Natural food resources are all around us, but the availability of an easy-to-get resource is often unrealized in cold, winter months.

Each year, staff from Hamilton Co. Parks & Recreation uses their skills in the outdoors to literally tap into nature for a sweet treat – maple syrup – within properties and parks owned by the department, particularly its newest park, Bray Family Homestead at 4528 Sheridan Rd. in Noblesville.

Hundreds of gallons of sap from maple trees are collected in the prime season, from late winter to March, or when temperatures drop below freezing at night and rise above freezing during the day.

Dan Popiela, a naturalist for the parks and rec department, who was hired nearly eight years ago for natural resource interpretation, has been tapping sugar maple trees since he started his job.

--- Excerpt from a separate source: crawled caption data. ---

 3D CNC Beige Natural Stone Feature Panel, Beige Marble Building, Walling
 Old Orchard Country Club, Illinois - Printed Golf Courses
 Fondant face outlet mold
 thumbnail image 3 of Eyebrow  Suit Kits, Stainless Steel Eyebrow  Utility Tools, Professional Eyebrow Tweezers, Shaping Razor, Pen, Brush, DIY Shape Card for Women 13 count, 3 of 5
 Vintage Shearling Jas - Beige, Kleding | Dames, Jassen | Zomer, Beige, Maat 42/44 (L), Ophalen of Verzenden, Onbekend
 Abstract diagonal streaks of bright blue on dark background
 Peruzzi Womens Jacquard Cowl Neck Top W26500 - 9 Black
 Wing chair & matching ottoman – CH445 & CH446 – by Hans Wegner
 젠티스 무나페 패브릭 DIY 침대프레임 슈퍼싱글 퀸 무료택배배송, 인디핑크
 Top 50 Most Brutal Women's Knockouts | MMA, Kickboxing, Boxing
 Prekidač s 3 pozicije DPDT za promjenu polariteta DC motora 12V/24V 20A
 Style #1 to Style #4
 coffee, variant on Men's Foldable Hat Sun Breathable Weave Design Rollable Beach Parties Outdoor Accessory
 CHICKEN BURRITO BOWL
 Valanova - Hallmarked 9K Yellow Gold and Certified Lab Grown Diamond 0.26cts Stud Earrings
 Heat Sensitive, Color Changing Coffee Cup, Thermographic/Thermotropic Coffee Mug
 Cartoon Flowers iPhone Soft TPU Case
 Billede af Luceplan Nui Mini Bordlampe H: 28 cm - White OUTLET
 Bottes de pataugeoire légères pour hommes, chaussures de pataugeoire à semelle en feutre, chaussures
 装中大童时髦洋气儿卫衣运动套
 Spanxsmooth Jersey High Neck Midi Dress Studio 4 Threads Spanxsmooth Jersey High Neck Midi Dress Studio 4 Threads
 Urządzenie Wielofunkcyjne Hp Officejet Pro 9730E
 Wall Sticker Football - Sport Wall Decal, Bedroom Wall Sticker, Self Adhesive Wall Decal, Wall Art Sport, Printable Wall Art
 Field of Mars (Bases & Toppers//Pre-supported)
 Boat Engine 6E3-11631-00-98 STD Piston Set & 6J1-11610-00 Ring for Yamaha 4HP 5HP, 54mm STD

In an area known as Sugar Grove within the park, guests of the annual Maple Syrup Program, this year on March 5, will learn each step in the syrup-making process in a guided tour through Sugar Grove. The tour will show how to tap into the trees, then how the sap is boiled down to syrup inside the Sugar Shack. In the final stops of the tour, guests will learn about the history of the Bray family on the homestead, as well as Native American ties to tapping the trees in the Hamilton Co. area, with a final stop at the Sugar Shop, where maple products will be available for sale.

The Bray family, who owned the land for 160 years, tapped trees for their own personal use.

“There’s a lot of value behind (making syrup), you know, just your local history, knowing who the people were and how they used to live,” Popiela said. “It also ties in the value behind trees. We all talk about how we get the fresh air from the trees, and they shade our houses, but it’s a food source. This is something that you can do yourself. It shows why it’s important to take care of our resources.”

Present-day members of the Bray family donated the 92-acre park to the county in 2007. Now, the park is still in development, with future plans of trail systems, overlooks and feeding areas, currently boasting its wildflowers, new community gardens and, of course, maple syrup resources.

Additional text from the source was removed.